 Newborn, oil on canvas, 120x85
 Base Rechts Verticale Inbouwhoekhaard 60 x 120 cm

================

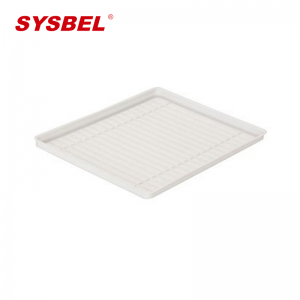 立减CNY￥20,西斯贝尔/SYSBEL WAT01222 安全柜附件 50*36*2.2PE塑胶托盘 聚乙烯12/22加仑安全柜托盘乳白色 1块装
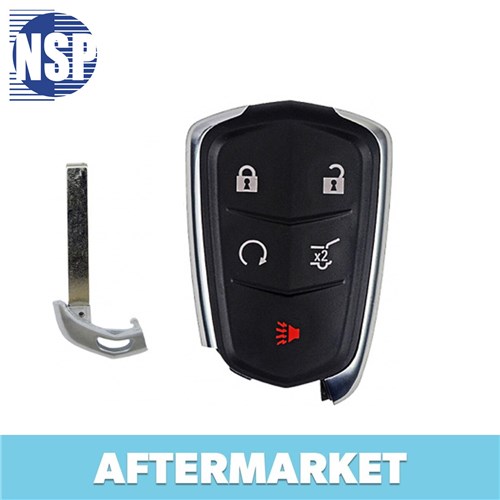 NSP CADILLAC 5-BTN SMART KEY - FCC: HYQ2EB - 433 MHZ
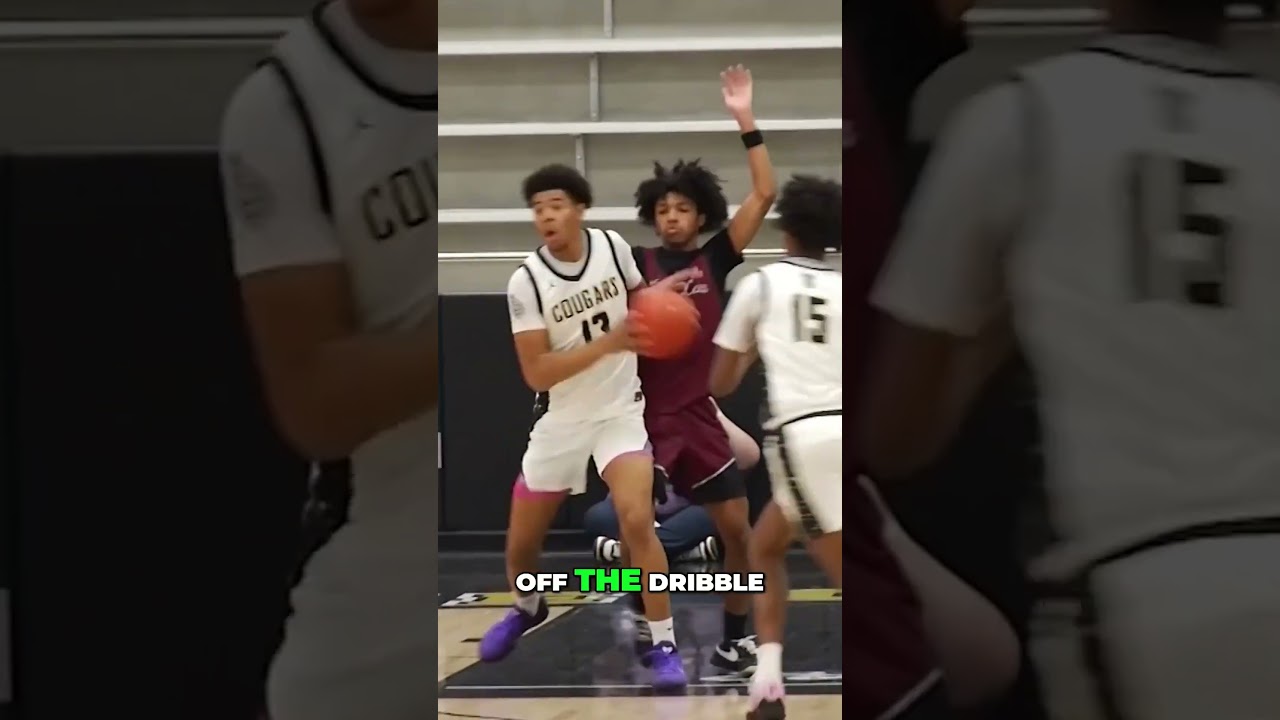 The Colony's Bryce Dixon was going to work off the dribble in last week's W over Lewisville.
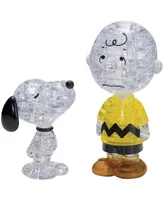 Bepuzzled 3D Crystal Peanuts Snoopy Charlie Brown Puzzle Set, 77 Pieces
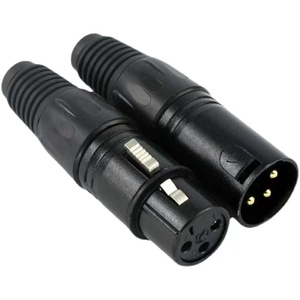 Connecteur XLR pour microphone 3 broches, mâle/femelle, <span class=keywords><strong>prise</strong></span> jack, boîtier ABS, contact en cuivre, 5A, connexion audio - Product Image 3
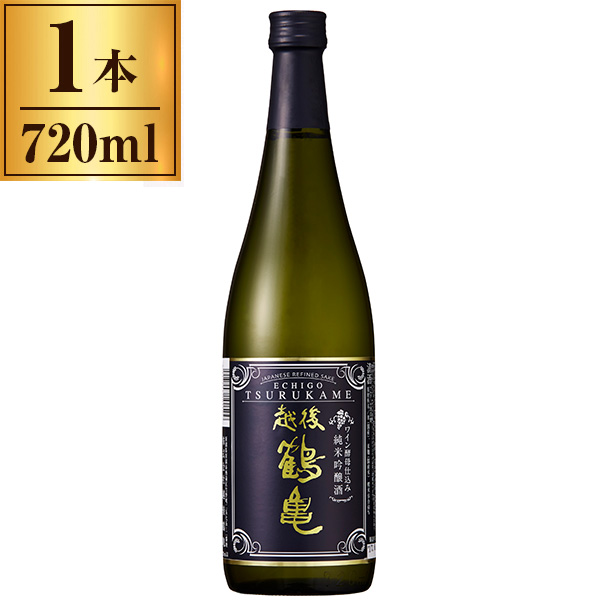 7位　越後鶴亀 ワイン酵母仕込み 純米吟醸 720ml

================

## WHAT NEEDS TO BE DONE:
Beginning with the line that has "Newborn, oil on canvas, 120x85" and ending with the line that has "Base Rechts Verticale", set down the lines above exactly and include no others.

## EXERCISE SOLUTION:
 Newborn, oil on canvas, 120x85
 Base Rechts Verticale Inbouwhoekhaard 60 x 120 cm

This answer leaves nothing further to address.